De sujeitos a atores sociais: a luta pela reforma agrária e o imprecativo da miséria na poesia musical em Morte e Vida Severina

Bruno Cabral de Mello[1]
Kety Viana[2]

De sujeitos a atores sociais: a luta pela reforma agrária e o imprecativo da miséria na poesia musical em Morte e Vida Severina

Nesse artigo, pretende-se analisar a consonância entre a poesia musical inspirada no livro Duas Águas, de João Cabral de Melo Neto, com música de Chico Buarque de Holanda, apresentada no filme Morte e Vida Severina, filmado e produzido no Brasil em 1976, sob a direção de Zelito Vianna, e a inelutável emergência de haver uma efetiva reforma agrária no Brasil, em face de miséria escancarada que o filme traz, convocando-nos a uma reflexão crítica sobre o tema.

Para tanto, iniciamos o texto com um breve apanhado da obra de João Cabral de Melo Neto, que apresenta uma maneira peculiar para a construção de suas poesias, com um recorte para a análise de Morte e Vida Severina, a fim de situar o leitor ou leitora acerca da importante contribuição das obras do autor na descrição dos aspectos físicos e humanos da região Nordeste do país, evidenciando a necessidade de se pensar em novos rumos para a questão agrária no Brasil.

Posteriormente, estabelecemos um exame do filme, onde o diretor Zelito Vianna conta com a genialidade da poesia de João Cabral de Melo Neto e a musicalidade de Chico Buarque de Holanda, além das paisagens marcantes e bela atuação dos atores, com vistas à discussão sobre as implicações socioeconômicas, políticas e culturais acarretadas através das relações de poder estabelecidas na organização do trabalho na sociedade capitalista e, conseqüentemente, da má distribuição da terra.
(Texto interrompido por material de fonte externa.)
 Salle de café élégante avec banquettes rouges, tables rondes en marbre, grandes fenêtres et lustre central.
Amarrando essa discussão, propõe-se a utilização do filme para o trabalho pedagógico sobre o tema da reforma agrária, seus impedimentos e possibilidades, com um adendo especial para o enfrentamento da fome e miséria no polígono das secas do sertão nordestino, dentro da perspectiva freireana de educação.
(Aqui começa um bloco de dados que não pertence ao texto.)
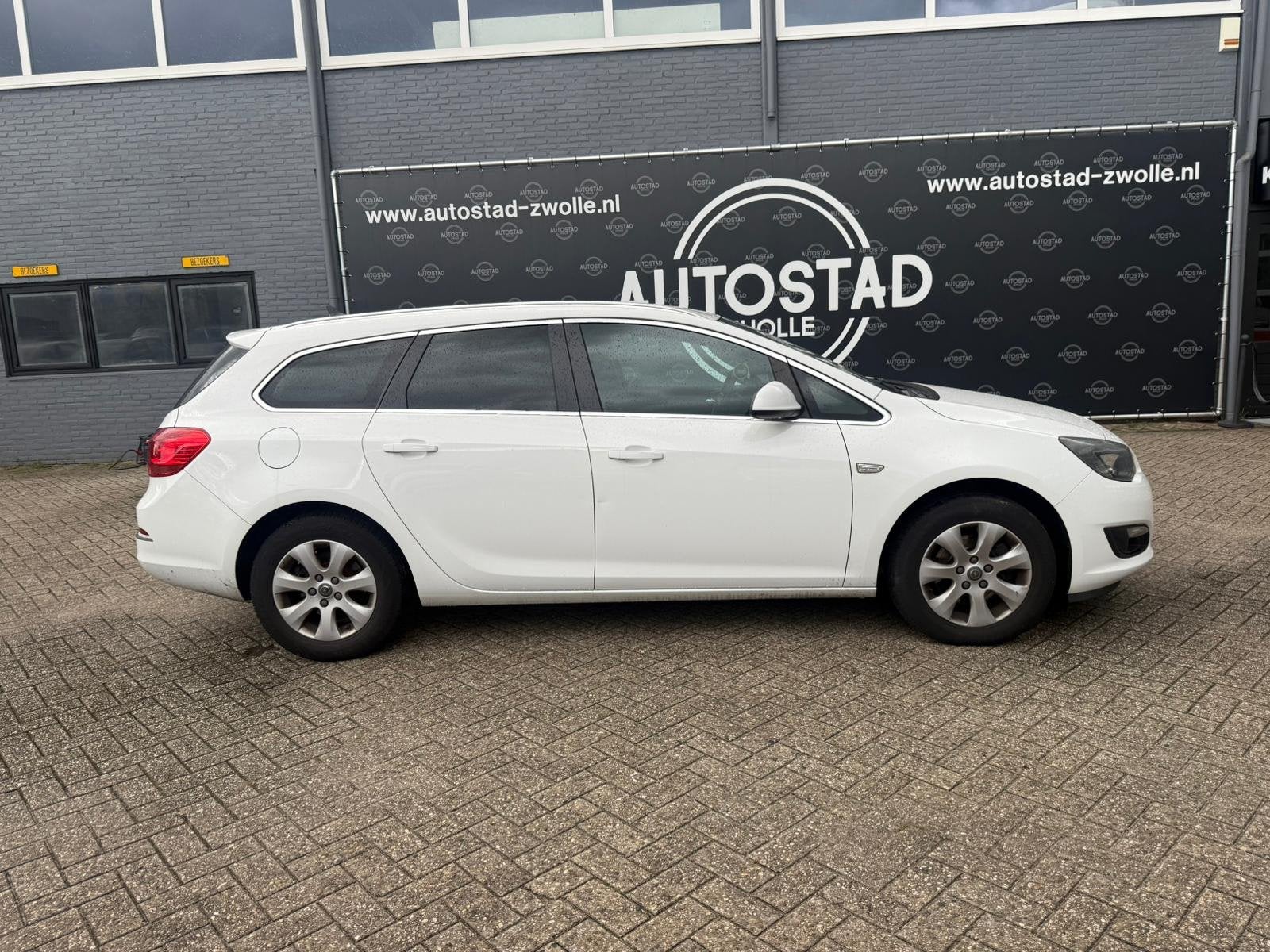 Opel Astra Sports Tourer 1.6 CDTi Business + Ketting Maakt L, Auto's, Opel, Voorwielaandrijving, Gebruikt, 4 cilinders, Wit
Para sustentar esse debate, pautamo-nos em Milton Santos no tocante à forma em que está organizado o espaço brasileiro e como deveria ser olhada essa organização: como uma espécie de campo de força, tracionada pela dinâmica social; Karl Marx para delinear, sucintamente, as implicações da natureza, “essencialmente humana”, do trabalho e a organização dos modos de produção, contemplado no filme com a síntese dos resultados desastrosos que a lógica capitalista imprime na sociedade e, por fim, em Paulo Freire que, em suas obras e projetos educacionais, legitima a necessidade de haver uma educação popular emancipadora, libertadora e que oportunize mudanças políticas, culturais e socioeconômicas favoráveis às classes oprimidas, em detrimento das relações autoritárias de poder estabelecidas dentro da configuração sócio-capitalista.
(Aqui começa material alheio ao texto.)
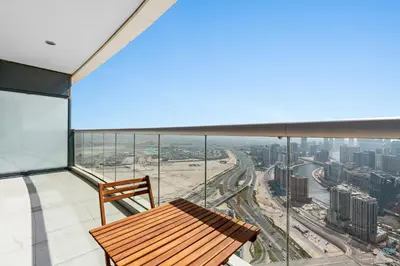 a balcony with a wooden bench and a view of a city at ALiving Elegant 1BR I Burj Khalifa View I Paramount Towers- 6103 in Dubai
  1. A construção de Morte e Vida Severina por João Cabral de Melo Neto

A extensa obra de João Cabral de Melo Neto reúne poemas que tratam, de maneira peculiar, das mazelas e vivências cotidianas nordestinas, escritos esses que foram divididos em duas fases que se completam e intituladas de “duas águas” por conta da similaridade encontrada com a estruturação do telhado de uma casa: de um lado uma poesia mais erudita, com uma composição rebuscada que, de certa maneira, apresenta acesso restrito aos leitores e, de outro, sem perder a qualidade da composição e tampouco sua rigidez no que se refere à metrificação e rimas dos versos, – características marcantes do autor – poesias que convergem ao gosto e entendimento popular, principalmente por narrar, de maneira sublime, o espaço, tempo e cultura nordestina, dando “asas à imaginação” do leitor, ou ouvinte, que tem, em suas obras, o privilégio enternecer-se com poemas tão pontuais e críticos.

Morte e Vida Severina foi escrito em 1954/55 e publicada do livro “Duas Águas”, com o intuito de alicerçar o roteiro de uma peça teatral dirigida por Maria Clara Machado, peça essa que, ao ser vetado pela censura estabelecida durante o regime militar, só foi encenada em 1966, com a música de Chico Buarque, também protagonizada no filme, a peça rendeu sucesso mundial, o que solidificou o título de “poeta engenheiro” a João Cabral de Melo Neto e consagrou Morte e Vida Severina como sua mais importante obra.

1.1. Poesia musical e crítica incisiva: o limite entre vida e morte no filme de Zelito Vianna

O filme traz, com fidelidade, os trechos da poesia de João Cabral de Melo Neto que são, paulatinamente, cantadas pelos atores, entre os quais José Dumont, protagoniza ‘Severino’, mais um em meio aos tantos, em total anonimato, sobreviventes e finados diante da seca truculenta do Nordeste brasileiro.

Pode-se estabelecer uma divisão do filme, em comparação ao poema de João Cabral de Melo Neto, em dezoito partes que correspondem à seqüência eleita pelo poeta em seu livro.

A trama inicia-se através de um solilóquio travado por Severino, um retirante que se apresenta e tenta expor argumentos que possibilitem a diferenciação entre ele e os demais ‘Severinos’ do sertão, já que, segundo a poesia, os ‘Severinos’ são "iguais em tudo na vida". No entanto, o protagonista do filme vem representar todos os demais. Em sua viagem, o sertanejo se depara, sucessivamente, com a morte representada de diversas maneiras, principalmente, pelo fruto do descaso da sociedade e governo com o povo do sertão.

Tomando como guia o rio Capibaribe, seco em função do verão, Severino teme se perder pelo caminho e decide procurar emprego ali mesmo. Dirige-se a uma rezadeira (Elba Ramalho), debruçada na janela de sua casa e a questiona sobre a possibilidade de encontrar emprego. Após iniciar uma sabatina acerca dos possíveis ofícios do retirante, a rezadeira elucida que, naquela localidade, com tanta miséria, só há emprego para os que pretender lidar com a morte.

Desenganado, Severino continua sua caminhada, até que chega à Zona da Mata e, espantado com a riqueza da vegetação,  decide interromper novamente sua viagem, na ilusão de que naquele lugar onde chegara é que estava sua sorte. Para sua decepção, mais adiante, Severino assiste ao funeral de um lavrador cujo corpo é carregado por amigos e uma trabalhadora do campo (Tânia Alves), que cantam a tristeza por sua morte e a indignação por conta dos maus tratos sofridos em vida, maus tratos estes que se estende a todos que ali residem e lutam pela reforma agrária.